# Loaches and Cichlids...



## BigEyedFish (Jan 18, 2005)

Anyone ever been succesful keeping Clown Loaches with Cichlids???

What are your guys thoughts on 3 large (4"-5") mature Clown Loaches in a cichlid tank???


----------



## Fishfirst (Jan 24, 2005)

I've seen jacks oscars severums and parrots with clowns


----------



## Guest (Dec 13, 2005)

what kind of cichlid tank?


----------



## BigEyedFish (Jan 18, 2005)

I'm not quite sure what kind of Cichlids yet. Here's my dilemna. I have a 30 gallon tank right now, and the three clowns in there are getting to big to be their old happy and playful selves. I came upon a 55 gallon tank (for 40 bucks, with stand, heater, and 5 crates of decoritive rock, best deal ever) and want to make it a cichlid tank, but also want to give my Clown's a good home they can run around and play in.
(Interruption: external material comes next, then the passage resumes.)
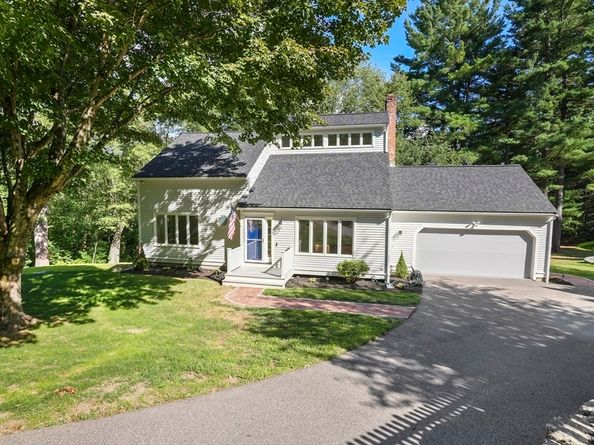 6 Barrows Road, Mendon MA 01756
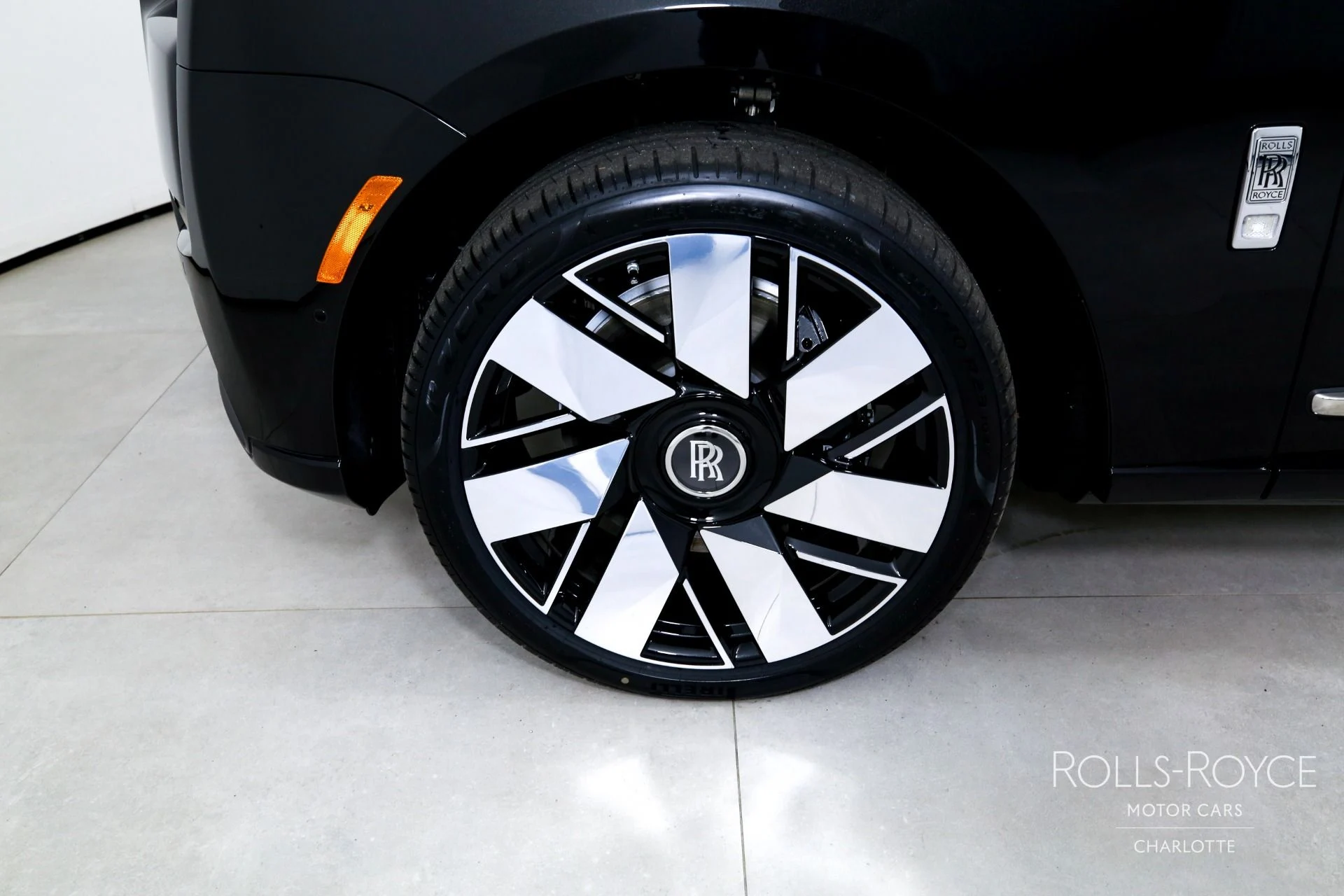 mph045_4215023199_Used_2026_Rolls_Royce_Cullinan_1765392948_07f7fa2cb4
The 55 would be perfect for 'em, it's twice as long as my 30. I REALLY REAALLY wanna do cichlids, and was hoping I could do it in the same tank. I've heard of a lot of success with loaches and cichlids when the loaches in the tank are almost full grown and mature as opposed to starting with young little guys. Just wanted your opinions.


----------



## Fraser (Dec 5, 2005)

I was wondering the same thing, tomorrow im going to get fish for my new tank and was considering getting 2 clown loaches with say 4-6 malawi cichlids. I need to know if they are compatible.


----------



## BigEyedFish (Jan 18, 2005)

just real quick....I wouldn't suggest clown loaches in groups of less than three.....4/5 or more is ideal...they love being in groups and are MUCH MUCH MUCH more playful and entertaining if you do so.


----------



## Cichlid Man (Jan 19, 2005)

Malawi cichlids and clowns? No no no. clowns are soft water fish while malawis are at completely the other end of the scale. Angels, festivum, severums, kribs, rams are all good companions for clown loaches.


----------



## Fraser (Dec 5, 2005)

lol, yeah I checked that out in the shop today - guy told me that clowns also have skin instead of scales so theyre easy prey  Got 4 malawis however, 2 auratus, 1 yellow lab, and 1 cobalt blue


----------



## Fishy Lee (Nov 9, 2005)

How do you adjust the hardness, and keep it consistent for the type of fish you need? I've also heard cichlids like a little higer pH? Same question for the pH...how do you raise it, keep it generally consistent?


----------



## leveldrummer (May 27, 2005)

you can get substrate that buffers the water to 8.2 which is best for african cichlids, or you can get a powder buffer that you add to the water everytime you do a water change, i use proper pH 8.2 and its always worked great for me, the ph will slowly change inbetween water changes, but its usually pretty stable.


----------